Reproduce exactly, from the data that follows, the line with "Set 4 Dales Chairs View II", the line with "2343 Fairgreen Drive Property Photo 12", and every line that lies between them.

*RECORD EXTRACTS*
Segment Open

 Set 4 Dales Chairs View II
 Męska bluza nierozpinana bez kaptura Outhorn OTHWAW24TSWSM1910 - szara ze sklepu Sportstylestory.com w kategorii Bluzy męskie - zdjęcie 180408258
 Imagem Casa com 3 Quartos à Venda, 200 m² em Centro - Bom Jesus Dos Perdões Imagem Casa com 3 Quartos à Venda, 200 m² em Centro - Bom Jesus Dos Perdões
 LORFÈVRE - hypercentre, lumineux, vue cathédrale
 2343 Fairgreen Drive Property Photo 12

Segment Closed
Segment Open

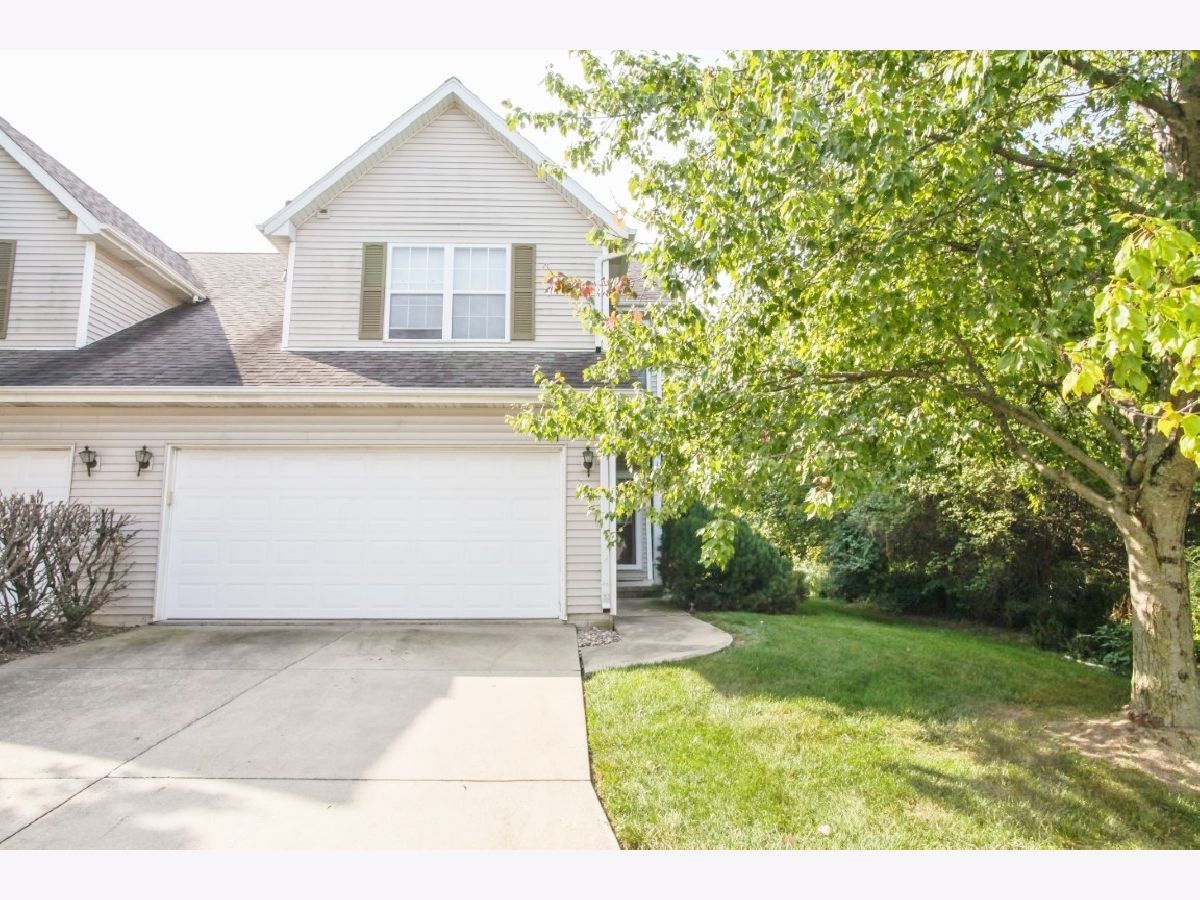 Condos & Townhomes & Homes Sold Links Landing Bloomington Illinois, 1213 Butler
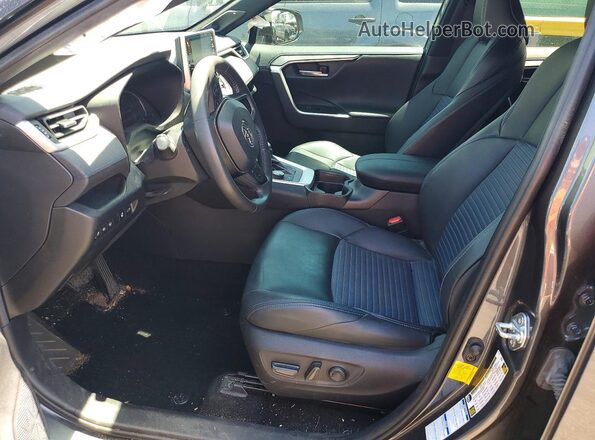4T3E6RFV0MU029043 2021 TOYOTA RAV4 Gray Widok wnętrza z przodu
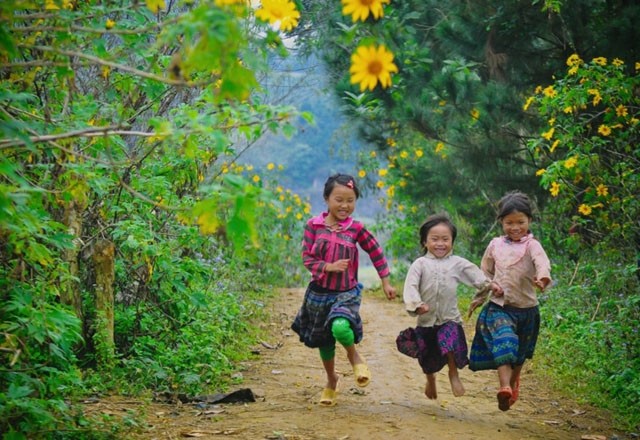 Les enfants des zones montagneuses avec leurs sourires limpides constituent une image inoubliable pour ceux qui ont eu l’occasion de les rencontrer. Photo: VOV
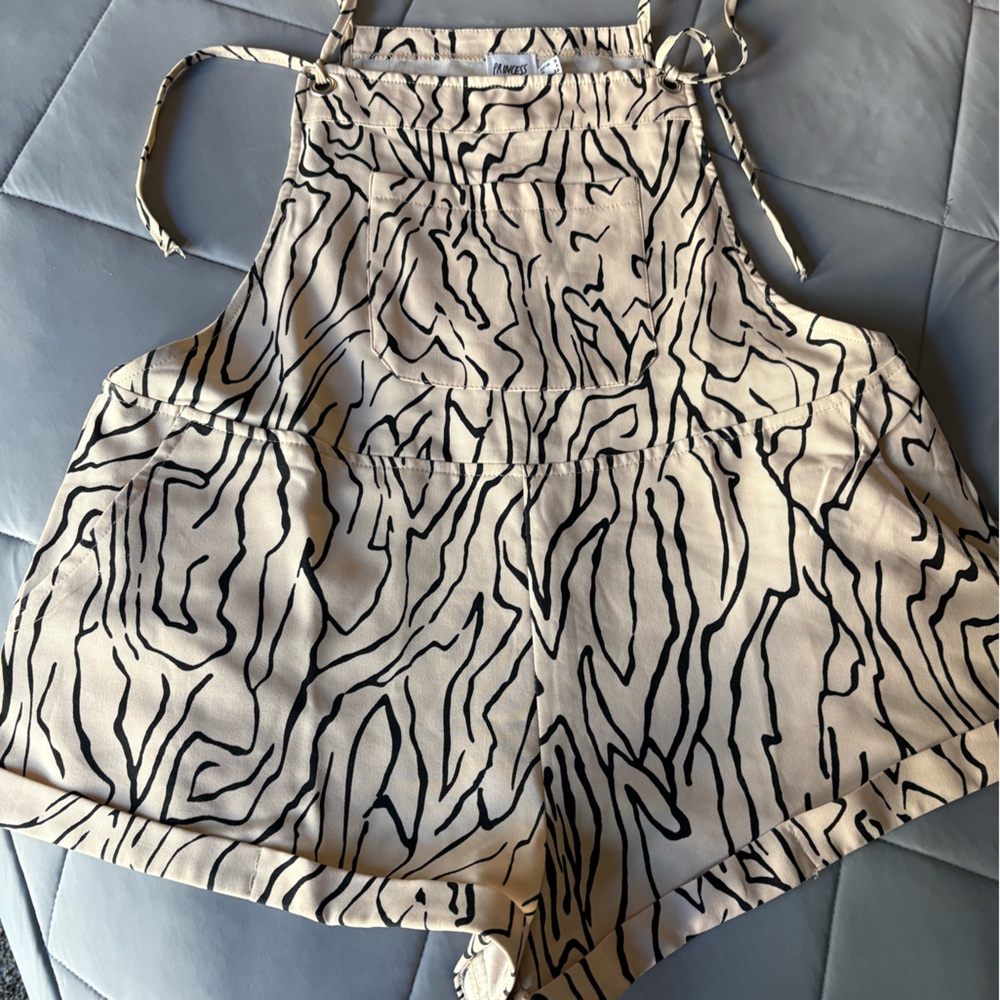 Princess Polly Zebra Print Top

Segment Closed
Segment Open

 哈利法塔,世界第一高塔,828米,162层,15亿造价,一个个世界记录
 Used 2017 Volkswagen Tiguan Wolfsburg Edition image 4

Segment Closed

*OUTPUT*
 Set 4 Dales Chairs View II
 Męska bluza nierozpinana bez kaptura Outhorn OTHWAW24TSWSM1910 - szara ze sklepu Sportstylestory.com w kategorii Bluzy męskie - zdjęcie 180408258
 Imagem Casa com 3 Quartos à Venda, 200 m² em Centro - Bom Jesus Dos Perdões Imagem Casa com 3 Quartos à Venda, 200 m² em Centro - Bom Jesus Dos Perdões
 LORFÈVRE - hypercentre, lumineux, vue cathédrale
 2343 Fairgreen Drive Property Photo 12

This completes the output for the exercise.